At this point we have seen several mutable data structures using refs and arrays. Today we will look at hash tables.
We've seen various implementations for building sets or map abstractions. First we had simple lists, which had O(n) access time. We can also also implement sets (or maps) using binary search trees, by storing values (or key-value pairs) in the node of the tree. If the tree is balance, then access operations in tree implementations have O(lg n) access time. Our current best results are this:
linked list, no duplicates | balanced trees (e.g., AVL) | |
add (insert) |
O(n) | O(lg n) |
delete (remove) |
O(n) | O(lg n) |
member (contains) |
O(n) | O(lg n) |
What if we could do even better? It turns out that we can implement mutable sets and maps more efficiently than the immutable (functional) sets and maps we've been looking at so far. In fact, we can perform these operations in O(1) time with hash tables, implemented using arrays. The idea is to exploit the power of arrays to update a random element in O(1) time.
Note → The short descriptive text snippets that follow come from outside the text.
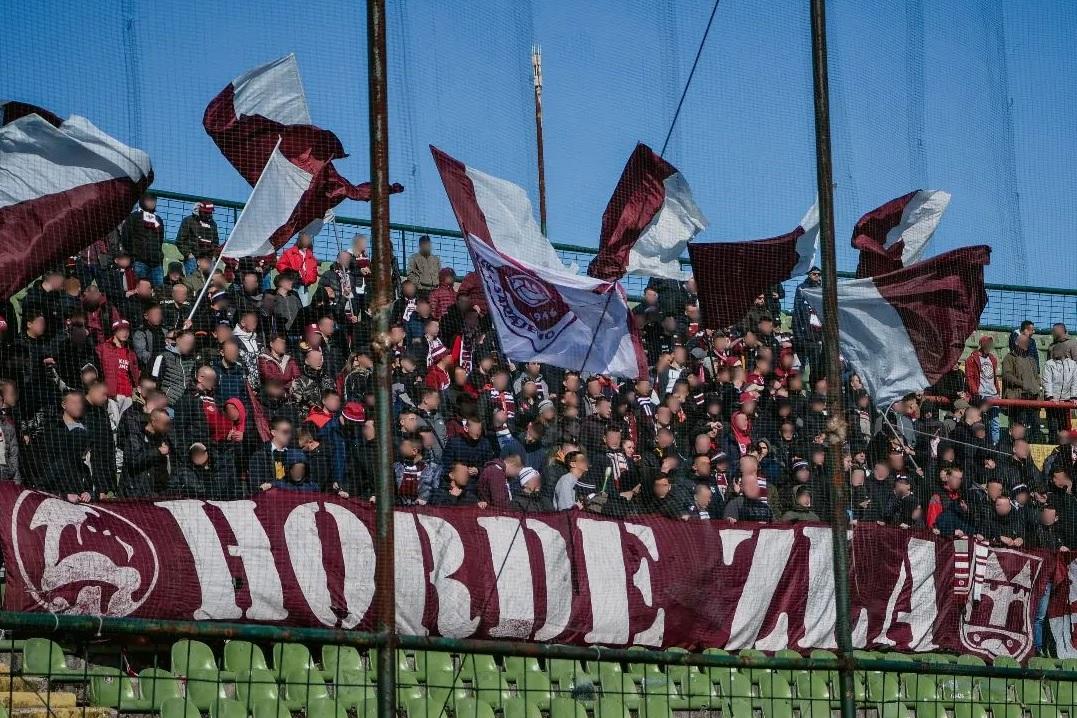 Navijači FK Sarajevo zakazali sastanak, raspravljat će o aktuelnoj situaciji u klubu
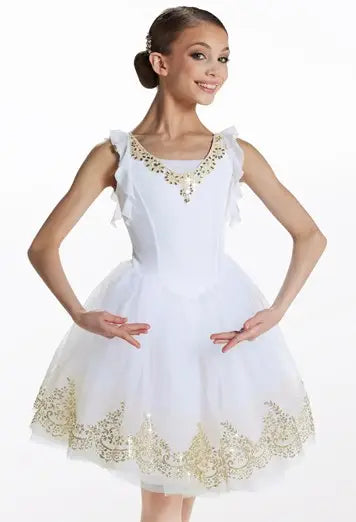 Junior Ballet Costume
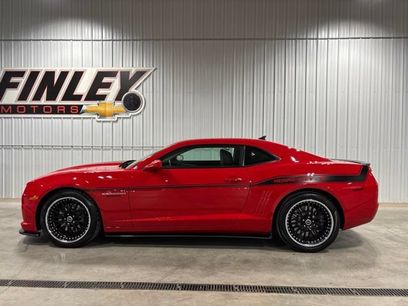 Used 2010 Chevrolet Camaro SS w/ RS Package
In a hash table we store entries using an array of lists of elements. We ensure that each list is small, O(1) to be precise, so simple functional lists without duplicates work fine. This data structure (the hash table) is a big array of O(n) elements, called buckets. Each bucket is a functional (immutable) set containing O(1) elements, and the elements of the set as a whole are partitioned among all the buckets. We cannot really guarantee that the sets are O(1) in size, so hashing is expected case O(1) time, but in the worst case can be O(n) - if some fraction of the elements all hash to the same bucket. Thus it is important to ensure that the mapping of elements to buckets "spreads out" the elements across the buckets.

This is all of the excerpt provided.